Exosomes are cell-derived circulating vesicles that play an important role in cell-cell communication. Exosomes are actively assembled and carry messenger RNAs, microRNAs and proteins. The “gold standard” for cardiac allograft surveillance is endomyocardial biopsy (EMB), an invasive technique with a distinct complication profile. The development of novel, non-invasive methods for the early diagnosis of allograft rejection is warranted. Columbia University Medical Center researchers hypothesized that the exosomal proteome is altered in acute rejection, allowing for a distinction between non-rejection and rejection episodes.
Serum samples were collected from heart transplant (HTx) recipients with no rejection, acute cellular rejection (ACR) and antibody-mediated rejection (AMR). Liquid chromatography-tandem mass spectrometry (LC-MS/MS) analysis of serum exosome was performed using a mass spectrometer (Orbitrap Fusion Tribrid).

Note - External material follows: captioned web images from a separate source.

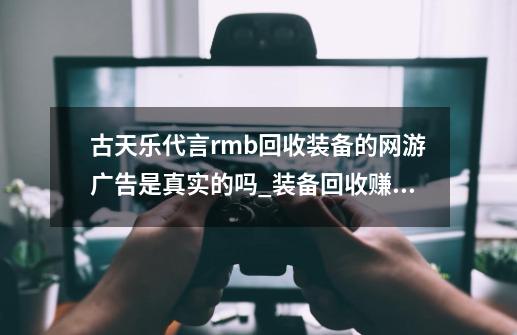 古天乐代言rmb回收装备的网游广告是真实的吗_装备回收赚钱是真的吗-第1张-游戏资讯-龙启科技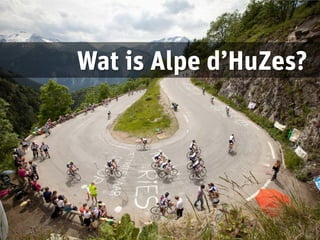Wat is Alpe d’HuZes?
 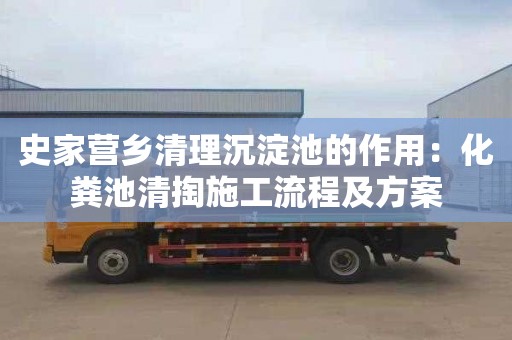史家营乡清理沉淀池的作用：化粪池清掏施工流程及方案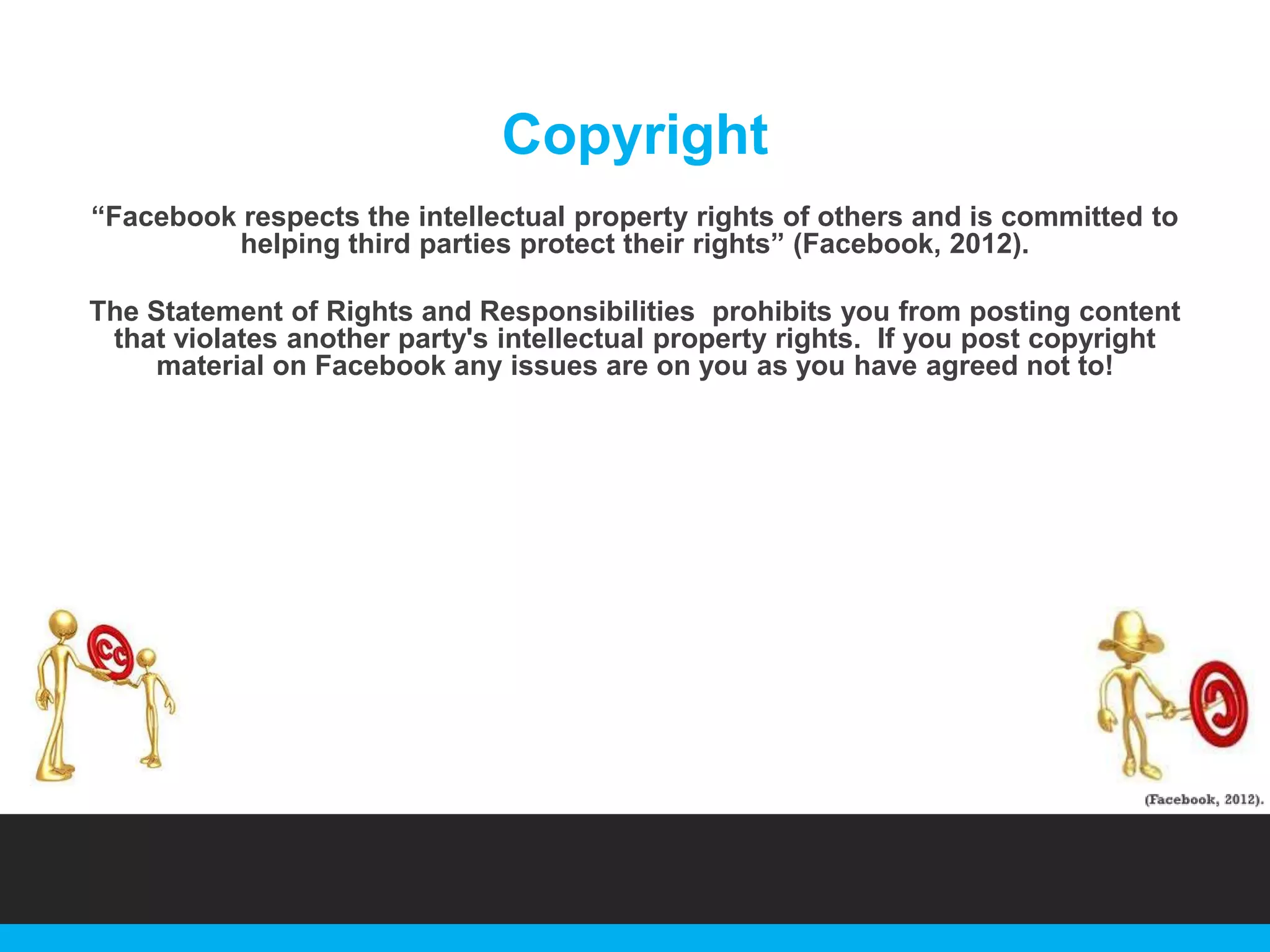 Copyright
“Facebook respects the intellectual property rights of others and is committed to
helping third parties protect their rights” (Facebook, 2012).
The Statement of Rights and Responsibilities prohibits you from posting content
that violates another party's intellectual property rights. If you post copyright
material on Facebook any issues are on you as you have agreed not to!

 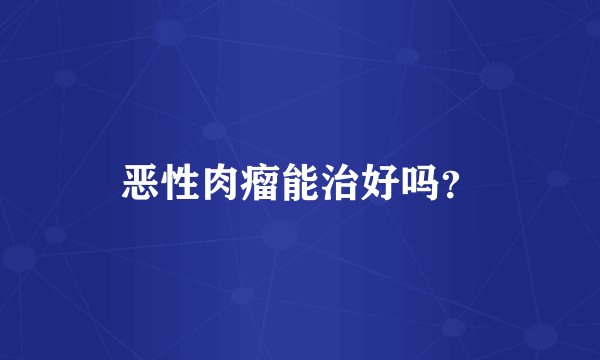 恶性肉瘤能治好吗？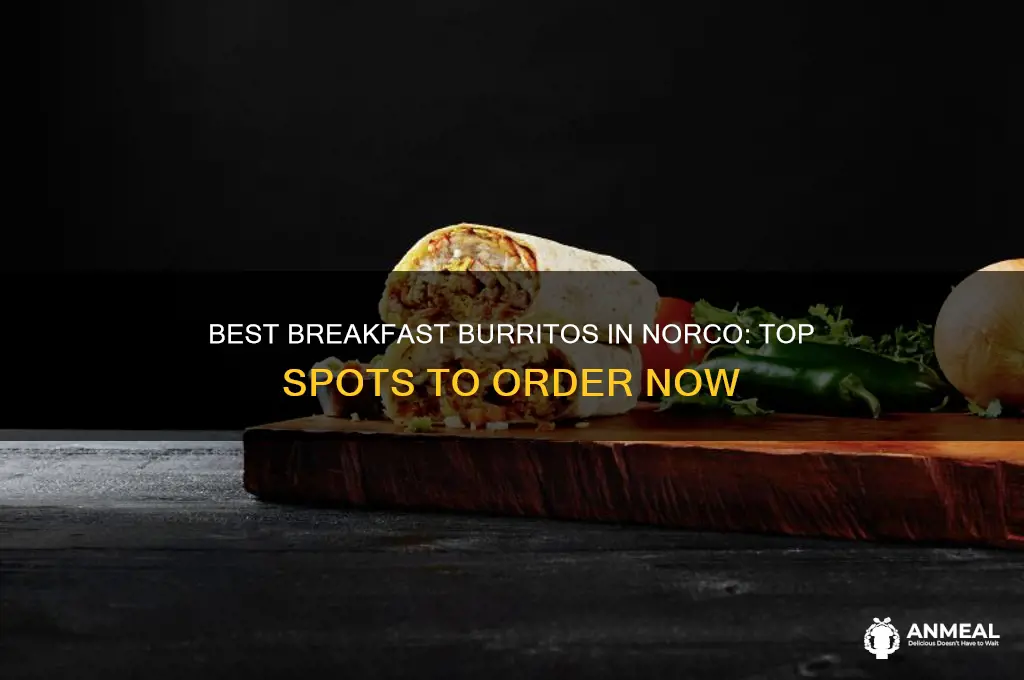 where to order breakfast burritos in norco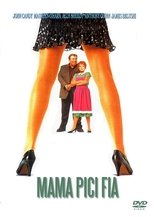 Mama pici fia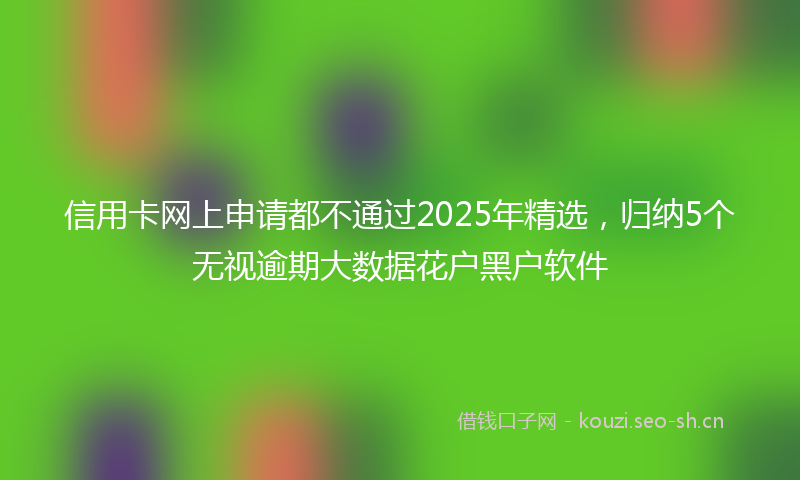 信用卡网上申请都不通过2025年精选，归纳5个无视逾期大数据花户黑户软件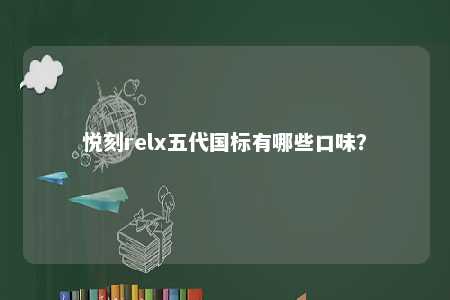 悦刻relx五代国标有哪些口味�？ 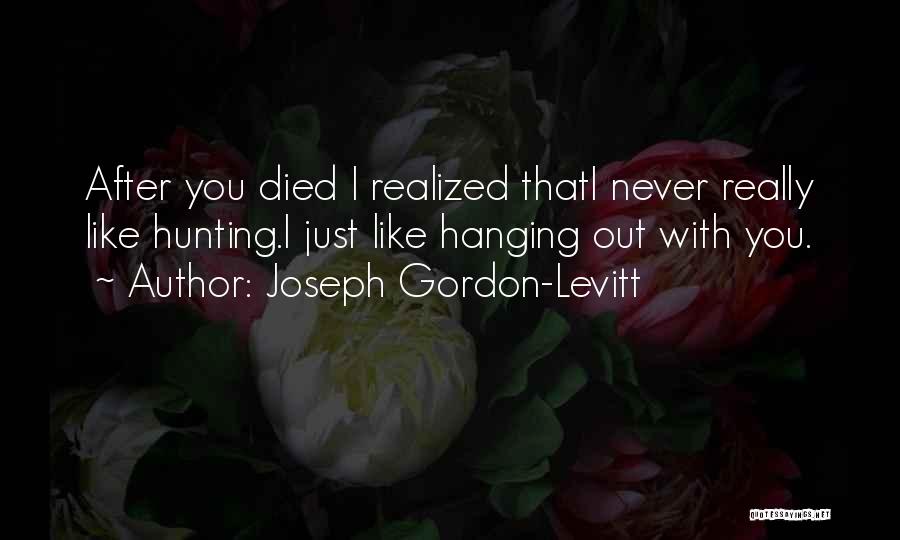 Joseph Gordon-Levitt Quotes: After You Died I Realized Thati Never Really Like Hunting.i Just Like Hanging Out With You.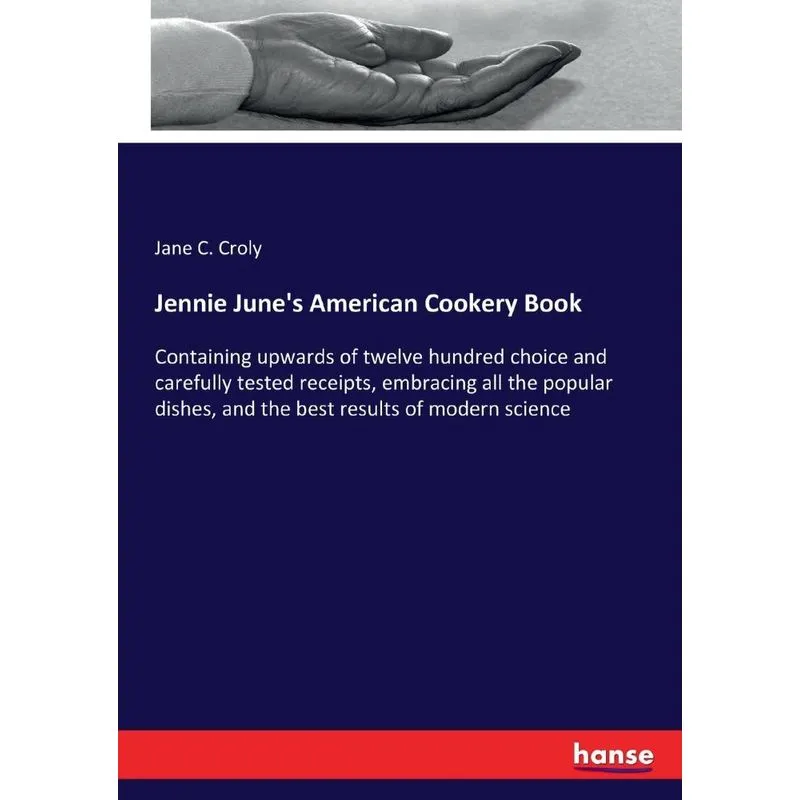 Jennie Junes American Cookery Book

Principal component analysis (PCA) revealed a clustering of 3 groups: (1) control and heart failure (HF); (2) HTx without rejection; and (3) ACR and AMR. A total of 45 proteins were identified that could distinguish between groups (q < 0.05). Comparison of serum exosomal proteins from control, HF and non-rejection HTx revealed 17 differentially expressed proteins in at least 1 group (q < 0.05). Finally, comparisons of non-rejection HTx, ACR and AMR serum exosomes revealed 15 differentially expressed proteins in at least 1 group (q < 0.05). Of these 15 proteins, 8 proteins are known to play a role in the immune response. Of note, the majority of proteins identified were associated with complement activation, adaptive immunity such as immunoglobulin components and coagulation.
Allograft rejection is associated with a significant change in exosomal
signature of immunologic and hematologic proteins
LIMMA empirical Bayes analysis of serum exosomal protein counts in non-rejection HTx [rejection (A, B) = AMR + ACR cohorts combined] ACR and AMR samples. No rejection vs ACR and AMR comparison identified 15 proteins (C) that could distinguish at least 1 group from the data set at q < 0.05. PCA (D) shows each of the 3 cohorts forming a distinct data cluster. Of these 15 proteins, 8 are associated with immmunologic processes. (E) Network view of associations between proteins found in the rejection vs no-rejection group. Functional enrichment analysis links the found proteins mainly to platelet degranulation, complement and coagulation cascade pathways.
Characterizing of circulating exosomal proteome in different cardiac disease states reveals unique protein expression patterns indicative of the respective pathologies. These data suggest that HTx and allograft rejection alter the circulating exosomal protein content. Exosomal protein analysis could be a novel approach to detect and monitor acute transplant rejection and lead to the development of predictive and prognostic biomarkers.